A description of the policies and procedures that the Fund uses to determine how to vote proxies relating to portfolio securities is available without charge, upon request, by calling 1-866-831-7129, and on the Securities and Exchange Commission’s website at http://www.sec.gov.

Availability of Proxy Voting Record

Information regarding how the Fund voted proxies relating to portfolio securities during the most recent 12-month period ended June 30 is available without charge, upon request, by calling 1-866-831-7129, and on the Securities and Exchange Commission’s website at http://www.sec.gov.

Investment Advisory Agreement Approval

The Board of Directors (the “Board”) of the Fund, including the Directors who are not interested persons of the Fund (the “Independent Directors”), at a meeting held on April 11, 2012 (the “Meeting”), approved the continuation of (i) the investment advisory agreement (the “Advisory Agreement”) between the Fund and GW Capital Management, LLC, doing business as Maxim Capital Management, LLC (“MCM”), and (ii) the investment sub-advisory agreement (the “Sub-Advisory Agreement”) between the Fund, MCM and Janus Capital Management LLC (the “Sub-Adviser”).

Pursuant to the Advisory Agreement, MCM acts as investment adviser and, subject to oversight by the Board, directs the investments of the Portfolio in accordance with its investment objective, policies and limitations. MCM also provides, subject to oversight by the Board, the management and administrative services necessary for the operation of the Fund. In addition, the Fund operates under a manager-of-managers structure pursuant to an order issued by the United States Securities and Exchange Commission, which permits MCM to enter into and materially amend the Sub-Advisory Agreement with Board approval but without shareholder approval. Under this structure, MCM is also responsible for monitoring and evaluating the performance of the Sub-Adviser and for recommending the hiring, termination and replacement of the Sub-Adviser to the Board.

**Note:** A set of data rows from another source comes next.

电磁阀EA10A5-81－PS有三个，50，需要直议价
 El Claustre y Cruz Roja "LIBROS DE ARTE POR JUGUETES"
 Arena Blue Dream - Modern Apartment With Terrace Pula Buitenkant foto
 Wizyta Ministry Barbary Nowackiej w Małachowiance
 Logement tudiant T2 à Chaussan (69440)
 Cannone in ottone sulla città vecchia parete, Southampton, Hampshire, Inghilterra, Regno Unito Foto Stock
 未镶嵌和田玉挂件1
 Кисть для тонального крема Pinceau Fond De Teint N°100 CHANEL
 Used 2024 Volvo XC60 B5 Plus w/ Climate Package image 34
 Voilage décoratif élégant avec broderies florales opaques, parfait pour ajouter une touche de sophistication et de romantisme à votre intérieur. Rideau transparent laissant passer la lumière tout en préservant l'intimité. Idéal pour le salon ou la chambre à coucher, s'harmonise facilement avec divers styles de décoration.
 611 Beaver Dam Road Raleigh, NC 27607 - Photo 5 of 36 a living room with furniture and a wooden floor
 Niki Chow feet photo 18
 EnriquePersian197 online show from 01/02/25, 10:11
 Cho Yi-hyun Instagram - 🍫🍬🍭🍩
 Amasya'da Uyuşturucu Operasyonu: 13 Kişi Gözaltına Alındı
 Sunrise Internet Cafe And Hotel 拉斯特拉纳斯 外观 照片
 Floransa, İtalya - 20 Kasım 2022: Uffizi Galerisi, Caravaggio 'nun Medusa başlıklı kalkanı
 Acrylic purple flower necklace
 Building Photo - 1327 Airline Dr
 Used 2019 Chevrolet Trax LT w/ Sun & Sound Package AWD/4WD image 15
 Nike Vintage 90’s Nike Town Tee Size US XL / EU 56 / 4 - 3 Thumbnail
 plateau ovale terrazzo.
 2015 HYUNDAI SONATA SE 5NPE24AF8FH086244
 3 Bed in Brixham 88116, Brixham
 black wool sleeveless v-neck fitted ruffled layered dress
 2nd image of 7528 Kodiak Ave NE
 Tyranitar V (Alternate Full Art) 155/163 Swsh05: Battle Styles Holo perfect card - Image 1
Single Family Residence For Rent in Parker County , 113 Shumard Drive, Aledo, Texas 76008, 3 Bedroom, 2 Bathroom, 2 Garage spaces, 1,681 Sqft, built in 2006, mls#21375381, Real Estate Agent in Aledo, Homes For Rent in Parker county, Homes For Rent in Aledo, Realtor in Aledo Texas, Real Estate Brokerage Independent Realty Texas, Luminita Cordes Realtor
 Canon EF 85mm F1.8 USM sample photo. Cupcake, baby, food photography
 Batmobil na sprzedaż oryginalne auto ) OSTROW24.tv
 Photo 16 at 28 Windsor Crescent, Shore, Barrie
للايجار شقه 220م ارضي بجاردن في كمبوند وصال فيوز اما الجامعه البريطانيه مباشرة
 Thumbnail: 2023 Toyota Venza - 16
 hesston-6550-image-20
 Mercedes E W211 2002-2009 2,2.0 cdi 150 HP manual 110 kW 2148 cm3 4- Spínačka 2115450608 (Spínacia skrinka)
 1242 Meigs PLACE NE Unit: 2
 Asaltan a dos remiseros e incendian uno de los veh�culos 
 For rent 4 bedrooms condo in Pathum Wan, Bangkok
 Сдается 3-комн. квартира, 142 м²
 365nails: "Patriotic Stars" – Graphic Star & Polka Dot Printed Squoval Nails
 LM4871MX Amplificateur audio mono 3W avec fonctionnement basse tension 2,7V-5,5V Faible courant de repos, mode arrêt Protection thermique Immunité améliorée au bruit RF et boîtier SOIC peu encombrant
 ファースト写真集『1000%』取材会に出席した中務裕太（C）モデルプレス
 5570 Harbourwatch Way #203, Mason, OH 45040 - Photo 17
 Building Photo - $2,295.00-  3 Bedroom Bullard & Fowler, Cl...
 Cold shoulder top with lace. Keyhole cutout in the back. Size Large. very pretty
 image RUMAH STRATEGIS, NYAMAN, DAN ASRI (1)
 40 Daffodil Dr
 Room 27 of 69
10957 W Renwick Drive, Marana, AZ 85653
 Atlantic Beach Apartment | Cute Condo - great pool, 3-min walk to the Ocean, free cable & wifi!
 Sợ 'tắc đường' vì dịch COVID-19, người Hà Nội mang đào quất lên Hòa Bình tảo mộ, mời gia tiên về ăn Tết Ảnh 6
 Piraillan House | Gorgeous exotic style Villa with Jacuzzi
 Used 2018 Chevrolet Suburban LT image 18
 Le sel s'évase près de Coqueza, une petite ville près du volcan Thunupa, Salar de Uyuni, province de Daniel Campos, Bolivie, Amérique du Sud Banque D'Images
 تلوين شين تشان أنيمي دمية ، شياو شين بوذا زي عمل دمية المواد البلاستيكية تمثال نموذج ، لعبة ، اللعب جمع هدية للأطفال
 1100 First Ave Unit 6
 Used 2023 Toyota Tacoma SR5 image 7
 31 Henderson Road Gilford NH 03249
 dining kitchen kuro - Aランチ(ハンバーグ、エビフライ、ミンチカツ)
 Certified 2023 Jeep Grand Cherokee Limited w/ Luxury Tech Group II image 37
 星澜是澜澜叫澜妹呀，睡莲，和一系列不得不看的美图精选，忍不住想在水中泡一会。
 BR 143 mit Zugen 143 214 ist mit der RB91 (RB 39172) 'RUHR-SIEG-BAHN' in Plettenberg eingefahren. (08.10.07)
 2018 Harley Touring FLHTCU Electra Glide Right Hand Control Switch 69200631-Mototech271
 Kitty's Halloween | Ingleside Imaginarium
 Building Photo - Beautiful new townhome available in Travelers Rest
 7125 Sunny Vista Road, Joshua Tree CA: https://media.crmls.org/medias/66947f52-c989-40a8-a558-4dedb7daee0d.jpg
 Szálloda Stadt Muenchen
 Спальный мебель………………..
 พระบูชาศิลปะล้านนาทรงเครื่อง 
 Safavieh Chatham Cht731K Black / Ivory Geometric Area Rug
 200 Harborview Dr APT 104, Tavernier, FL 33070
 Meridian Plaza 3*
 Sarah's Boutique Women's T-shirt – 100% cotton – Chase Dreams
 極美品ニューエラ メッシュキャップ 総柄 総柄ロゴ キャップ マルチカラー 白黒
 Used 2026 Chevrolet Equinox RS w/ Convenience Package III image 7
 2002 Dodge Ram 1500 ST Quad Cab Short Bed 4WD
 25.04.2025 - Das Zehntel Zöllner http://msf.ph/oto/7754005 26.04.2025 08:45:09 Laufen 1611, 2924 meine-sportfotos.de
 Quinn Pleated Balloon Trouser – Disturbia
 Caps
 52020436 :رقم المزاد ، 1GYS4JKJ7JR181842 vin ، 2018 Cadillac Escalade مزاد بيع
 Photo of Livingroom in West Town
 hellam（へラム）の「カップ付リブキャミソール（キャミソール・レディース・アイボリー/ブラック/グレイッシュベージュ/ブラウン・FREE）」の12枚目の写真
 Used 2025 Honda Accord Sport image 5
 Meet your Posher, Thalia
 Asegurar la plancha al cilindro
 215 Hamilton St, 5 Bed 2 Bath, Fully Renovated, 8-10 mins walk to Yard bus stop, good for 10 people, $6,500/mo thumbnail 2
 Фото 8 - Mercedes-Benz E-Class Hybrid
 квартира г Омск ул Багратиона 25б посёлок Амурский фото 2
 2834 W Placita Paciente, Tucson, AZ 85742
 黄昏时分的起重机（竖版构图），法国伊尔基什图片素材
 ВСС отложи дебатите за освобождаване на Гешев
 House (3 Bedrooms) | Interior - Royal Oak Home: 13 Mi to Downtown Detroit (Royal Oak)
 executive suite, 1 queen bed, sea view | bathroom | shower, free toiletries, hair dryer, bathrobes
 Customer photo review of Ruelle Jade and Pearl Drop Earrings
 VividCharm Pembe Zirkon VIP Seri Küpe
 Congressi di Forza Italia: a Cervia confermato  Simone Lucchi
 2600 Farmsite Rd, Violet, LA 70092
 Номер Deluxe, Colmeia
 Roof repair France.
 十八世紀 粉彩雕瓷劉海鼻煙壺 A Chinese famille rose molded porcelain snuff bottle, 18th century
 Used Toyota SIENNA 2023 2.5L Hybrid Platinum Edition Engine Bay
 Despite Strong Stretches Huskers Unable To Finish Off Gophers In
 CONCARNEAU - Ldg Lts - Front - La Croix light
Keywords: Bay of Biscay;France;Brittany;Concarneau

Pursuant to the Sub-Advisory Agreement, the Sub-Adviser, subject to general supervision and oversight by MCM and the Board, is responsible for the day-to-day management of the Portfolio, and for making decisions to buy, sell or hold any particular security.

On March 22, 2012, the Independent Directors met separately with independent legal counsel in advance of the Meeting to evaluate information furnished by MCM and the Sub-Adviser in connection with the proposed continuation of the Advisory Agreement and Sub-Advisory Agreement (collectively, the “Agreements”). The Independent


Directors also considered additional information provided in response to their requests made following the March meeting.

In approving the continuation of the Agreements, the Board considered such information as the Board deemed reasonably necessary to evaluate the terms of the Agreements. The Board noted that performance information is provided to the Board on an ongoing basis at regular Board meetings held throughout the year. In its deliberations, the Board did not identify any single factor as being determinative. Rather, the Board’s approvals were based on each Director’s business judgment after consideration of the information as a whole. Individual Directors may have weighed certain factors differently and assigned varying degrees of materiality to information considered by the Board.

Based upon its review of the Agreements and the information provided to it, the Board concluded that the Agreements were fair and reasonable in light of the services performed, fees charged and such other matters as the Directors considered relevant in the exercise of their business judgment. The principal factors and conclusions that formed the basis for the Directors’ determinations to approve the continuation of the Agreements are discussed below.

Nature, Extent and Quality of Services

The Board considered the nature, extent and quality of services provided and to be provided to the Portfolio by MCM and the Sub-Adviser. Among other things, the Board considered, as applicable, each adviser’s personnel, experience, resources and performance track record, its ability to provide or obtain such services as may be necessary in managing, acquiring and disposing of investments on behalf of the Portfolio, and its ability to provide research and obtain and evaluate the economic, statistical and financial data relevant to the investment policies of the Portfolio. The Board also considered, as applicable, each adviser’s reputation for management of its investment strategies, its overall financial condition, technical resources, operational capabilities, and compliance policies and procedures, as well as the Sub-Adviser’s practices regarding the selection and compensation of brokers and dealers for the execution of portfolio transactions and the procedures it uses for obtaining best execution of portfolio transactions. Consideration also was given to the fact that the Board meets with representatives of the Sub-Adviser at regular Board meetings held throughout the year to discuss Portfolio management strategies and performance. Additionally, the quality of each adviser’s communications with the Board, as well as the adviser’s responsiveness to the Board, was taken into account. The Board concluded that it was satisfied with the nature, extent and quality of the services provided to the Portfolio by MCM and the Sub-Adviser.

Investment Performance

The Board considered the investment performance of the Portfolio. The Board reviewed performance information for the Portfolio as compared against various benchmarks and the performance of similar funds. This information included annualized returns for the one-, three- and five-year periods ended December 31, 2011, calendar year returns for the five-year period ended December 31, 2011, and risk-adjusted performance measures. In addition, this information also included the Portfolio’s Morningstar category and overall ratings and a rolling quarterly analysis of long-term performance


relative to the applicable Morningstar category. The Board also considered the composition of the Portfolio’s “peer” group of funds, as determined by MCM, based on funds of similar size and asset class from within, to the extent applicable, the Portfolio’s Morningstar category. In evaluating the performance of the Portfolio, the Board noted how the Portfolio performed relative to the short- and long-term returns of the applicable benchmarks and peer groups.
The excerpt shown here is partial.